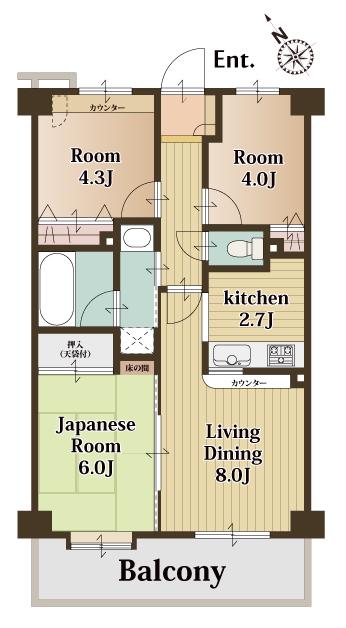 Floor plan. 3LDK, Price 15.8 million yen, Occupied area 53.76 sq m , Balcony area 7.74 sq m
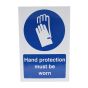Hand Protection Sign 240x360mm Self Adhesive for Safety Compliance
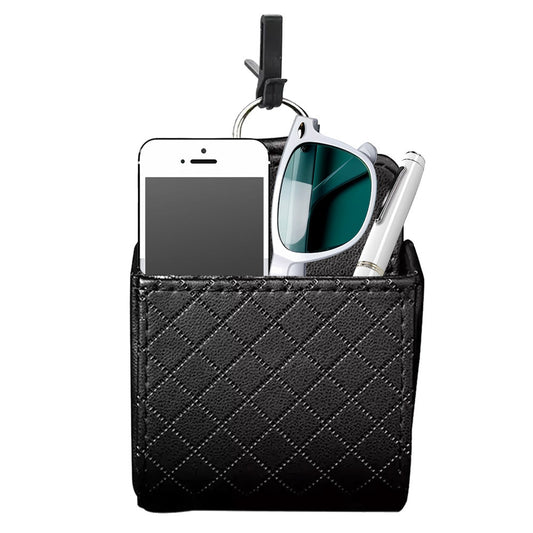 Car Organizer Bag Air Outlet Dashboard Hanging Leather Car Mobile Phone Holder-1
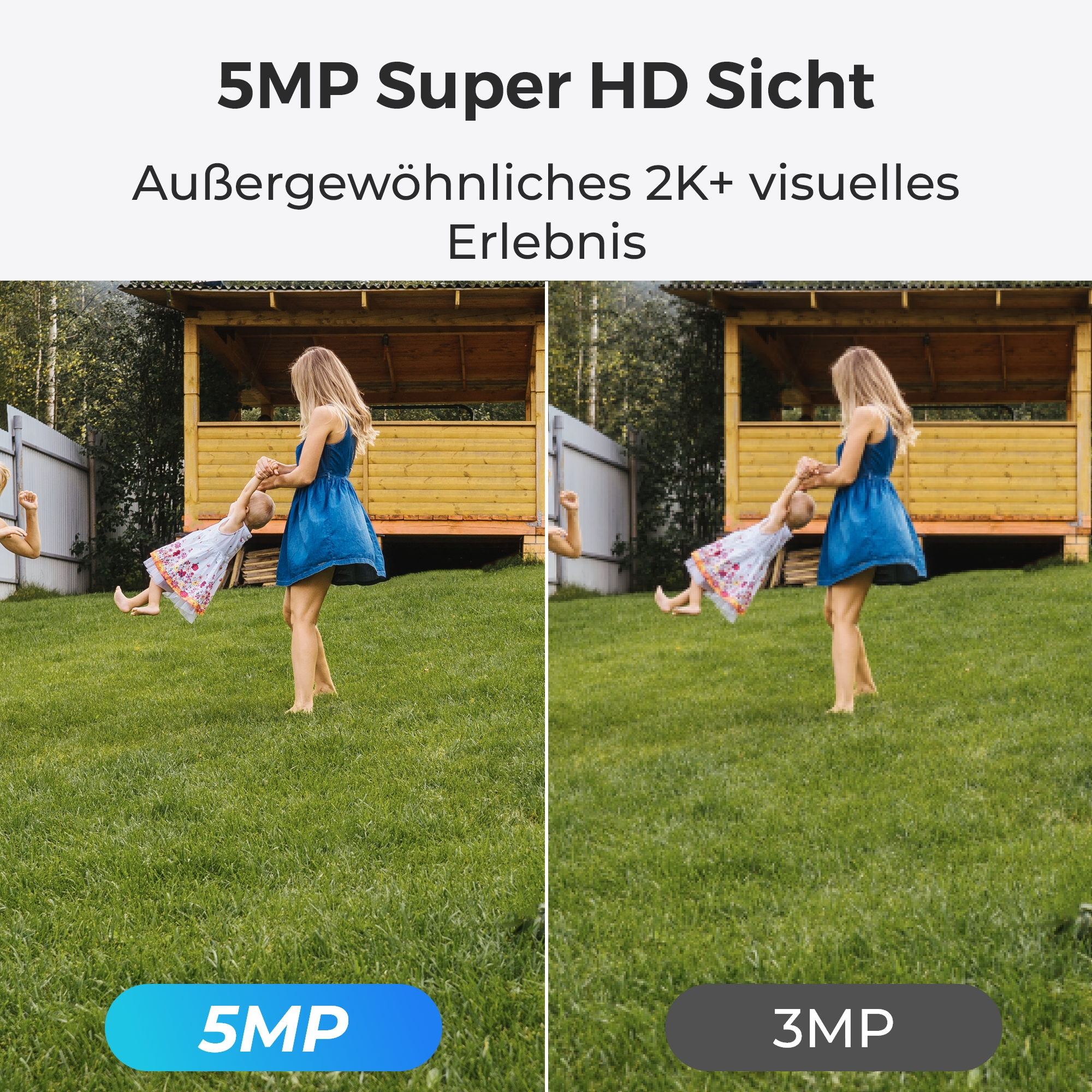 Zwei Bilder einer Frau und eines Kindes. Die Bilder zeigen unterschiedliche Auflösungsstufen.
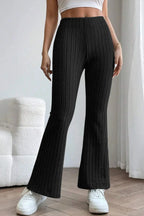 Basic Bae Ribbed High-Waist Flare Pants - Whispering Desires Shoppe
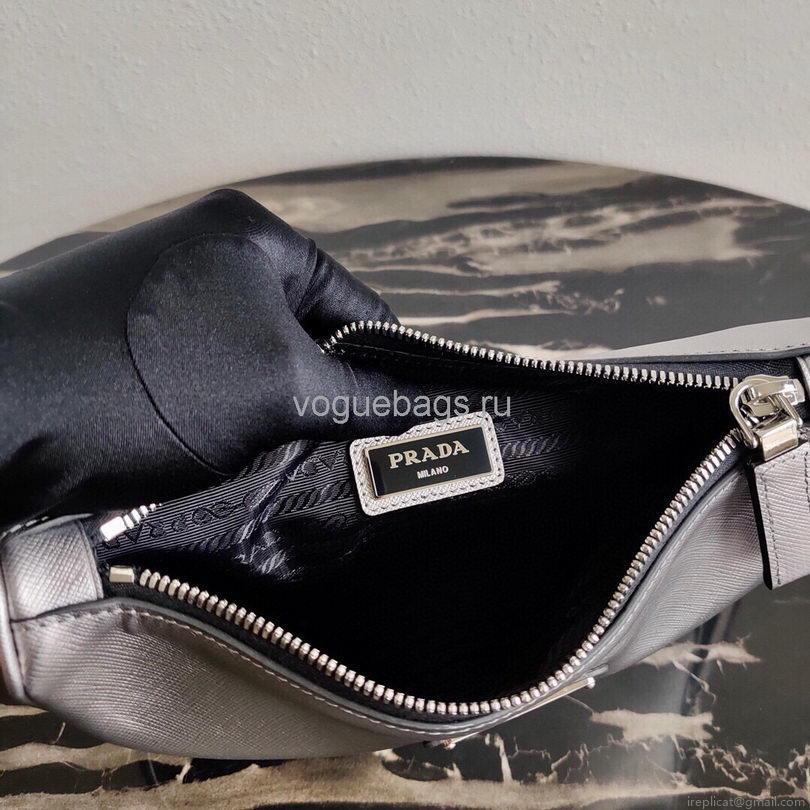 Prada 2VH113 Saffiano Leather Shoulder Bag in Sliver Grey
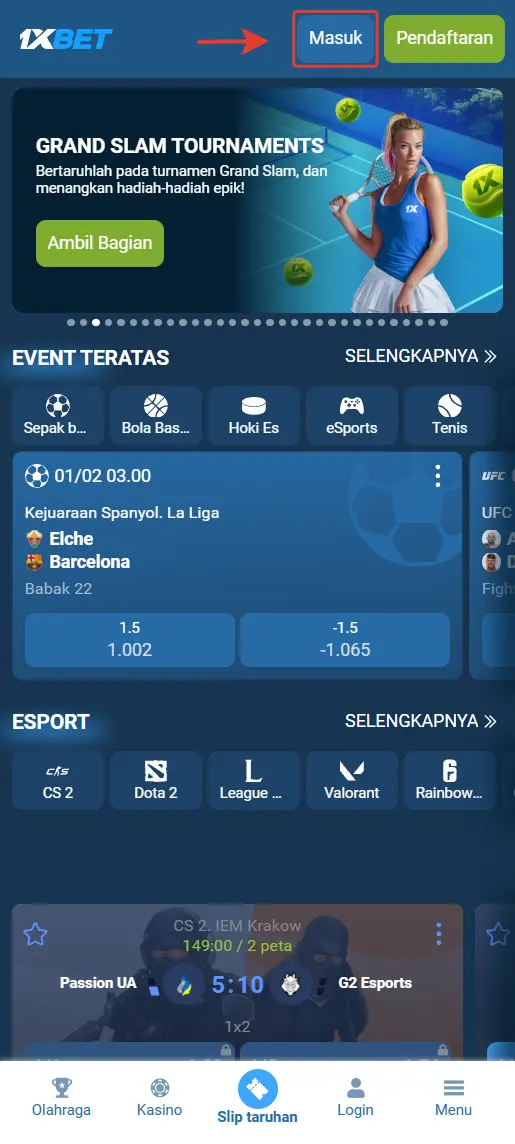 1xbet login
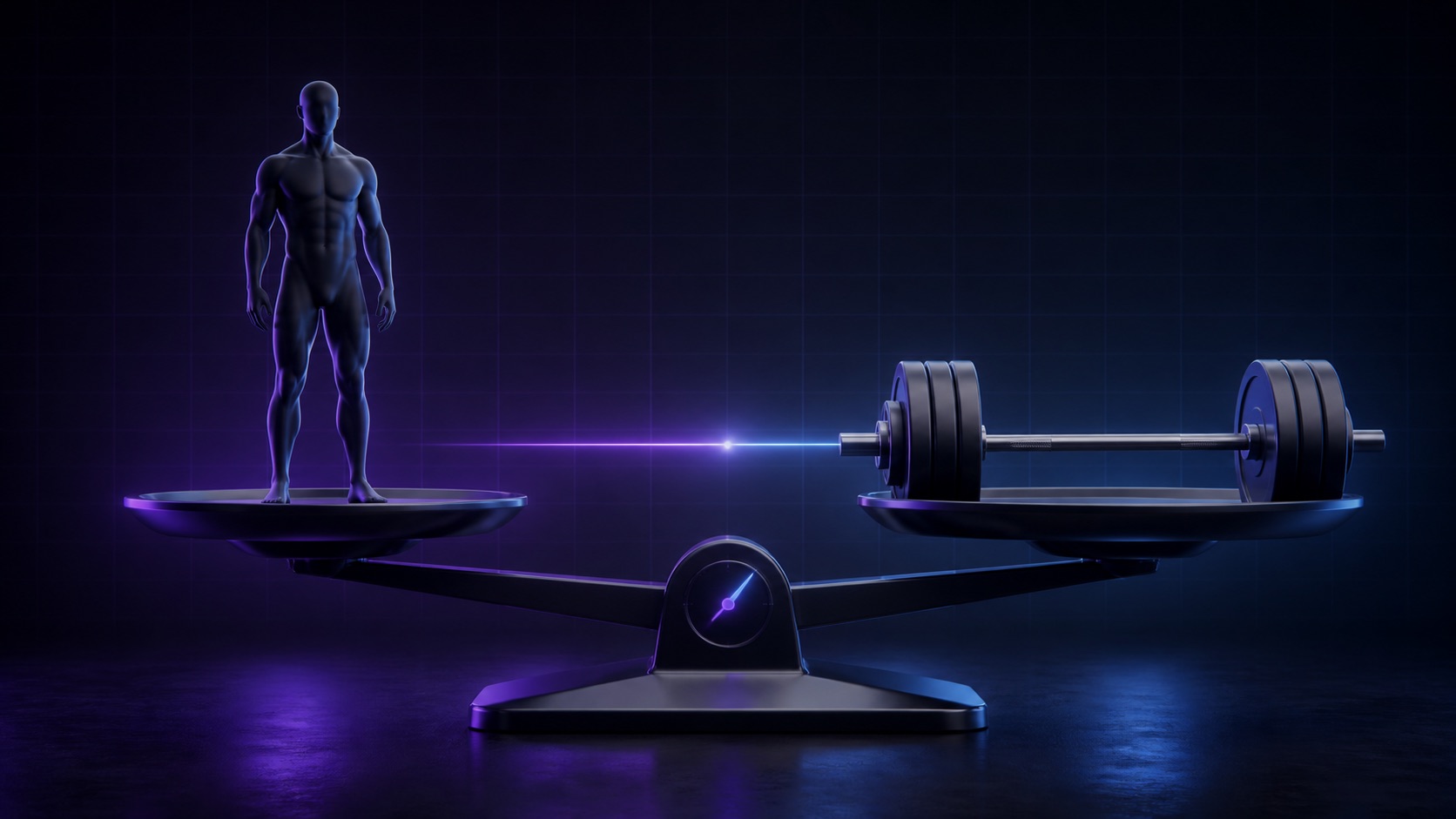 Athlete and barbell balanced on a scale for strength-to-weight ratio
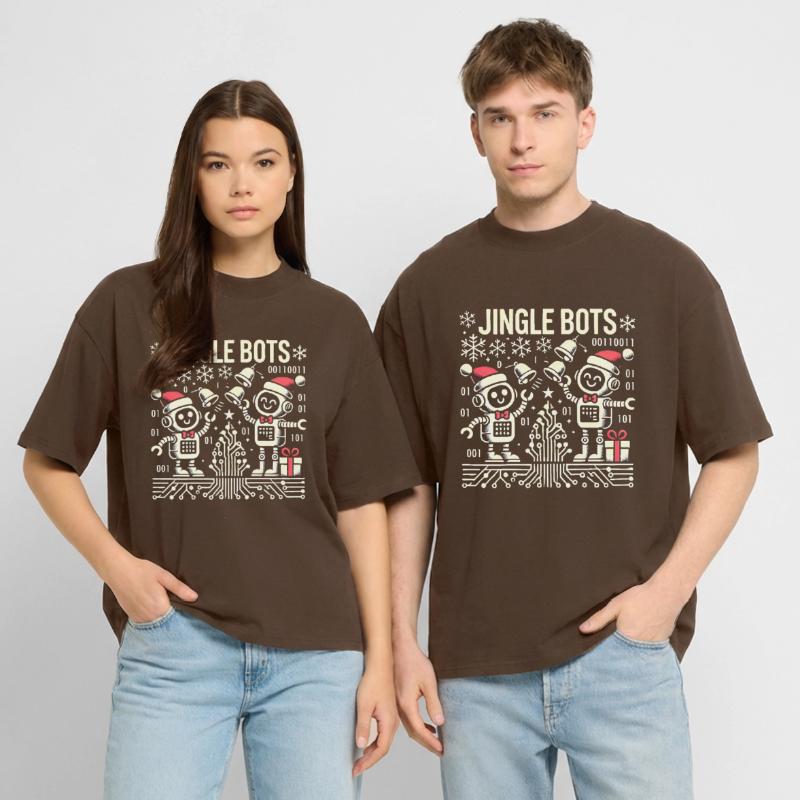 Jingle Bots - Christmas Robots with Binary Code Stanley/Stella Oversized Unisex Organic T-shirt Blaster 2.0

· · · · ·

* **Work instruction**: In the listing above, find the line containing "Hand Protection Sign" and restate it and every later line verbatim, with the pictures left out.

* **Task answer**:
Hand Protection Sign 240x360mm Self Adhesive for Safety Compliance
 Car Organizer Bag Air Outlet Dashboard Hanging Leather Car Mobile Phone Holder-1
 Zwei Bilder einer Frau und eines Kindes. Die Bilder zeigen unterschiedliche Auflösungsstufen.
 Basic Bae Ribbed High-Waist Flare Pants - Whispering Desires Shoppe
 Prada 2VH113 Saffiano Leather Shoulder Bag in Sliver Grey
 1xbet login
 Athlete and barbell balanced on a scale for strength-to-weight ratio
 Jingle Bots - Christmas Robots with Binary Code Stanley/Stella Oversized Unisex Organic T-shirt Blaster 2.0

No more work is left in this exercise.